Content starts
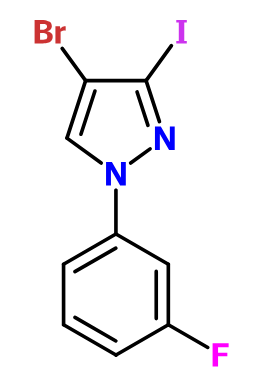 MC025134 4-Bromo-1-(3-fluoro-phenyl)-3-iodo-1H-pyrazole (image for) MC025134 4-Bromo-1-(3-fluoro-phenyl)-3-iodo-1H-pyrazole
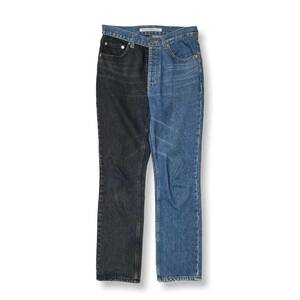 JOHN LAWRENCE SULLIVAN WASHED DENIM BI-COLOR 2A029-0320-18 ジョンローレンスサリバン ウォッシュドデニム ブラックブルー サイズ44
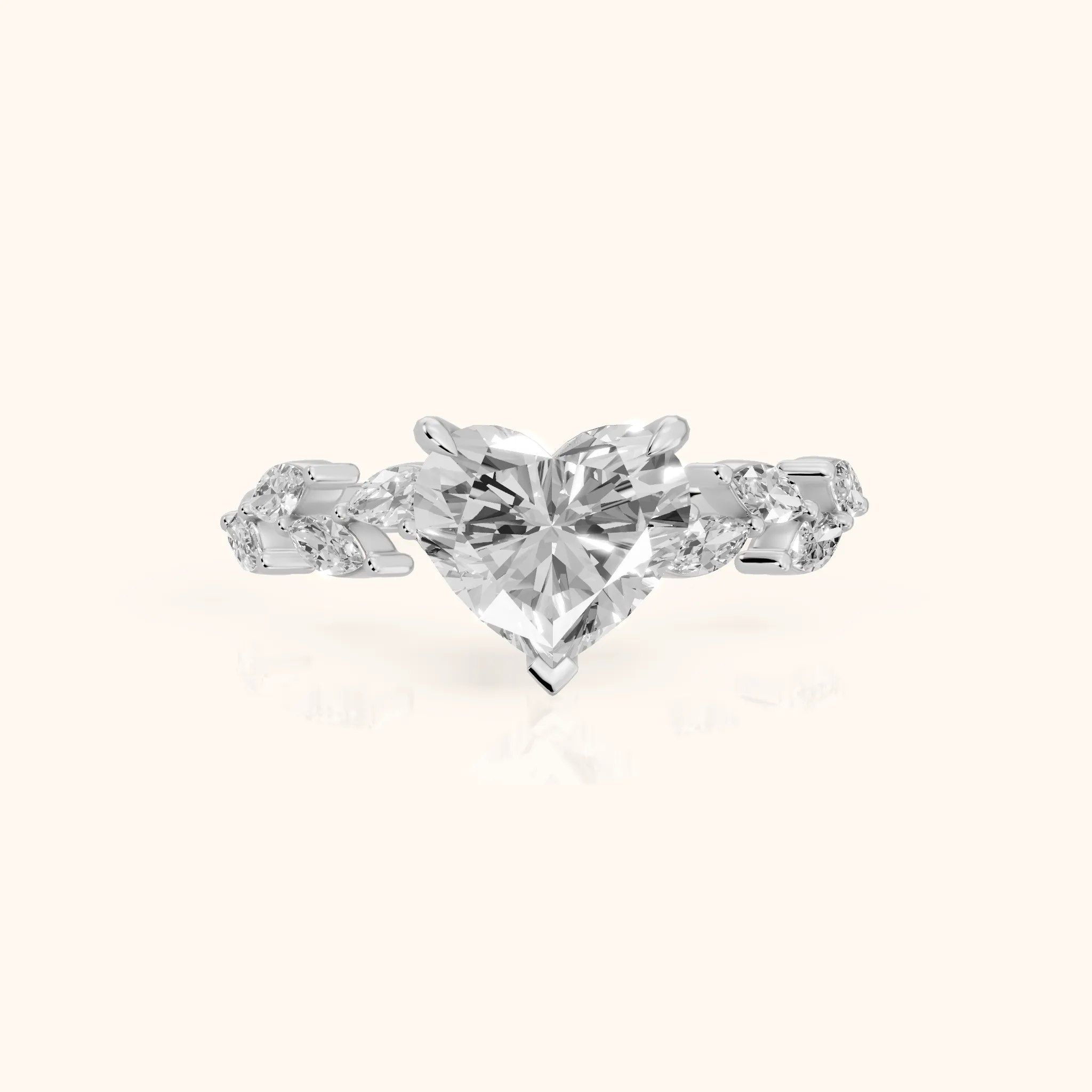 Mirella Laurel Heart Diamond Engagement Ring in Silver — view 1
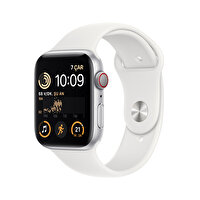 Apple Watch SE GPS + Cellular 44MM Gümüş Alüminyum Kasa ve Beyaz Spor Kordon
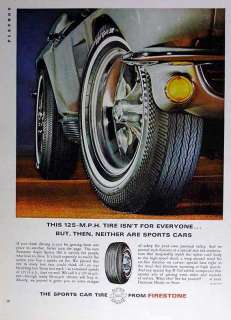   original, vintage print advertising for Firestone sports car 500 tire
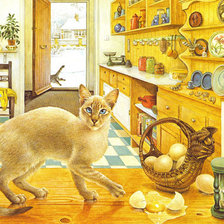 Оригинал схемы вышивки «Кот на кухне» (№679819)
Content ends
▸ **DESCRIPTION OF THE TASK**:
Write out the whole listing exactly. Do not include the pictures.

▸ **WRITTEN RESPONSE**:
 MC025134 4-Bromo-1-(3-fluoro-phenyl)-3-iodo-1H-pyrazole (image for) MC025134 4-Bromo-1-(3-fluoro-phenyl)-3-iodo-1H-pyrazole
 JOHN LAWRENCE SULLIVAN WASHED DENIM BI-COLOR 2A029-0320-18 ジョンローレンスサリバン ウォッシュドデニム ブラックブルー サイズ44
 Mirella Laurel Heart Diamond Engagement Ring in Silver — view 1
 Apple Watch SE GPS + Cellular 44MM Gümüş Alüminyum Kasa ve Beyaz Spor Kordon
   original, vintage print advertising for Firestone sports car 500 tire
 Оригинал схемы вышивки «Кот на кухне» (№679819)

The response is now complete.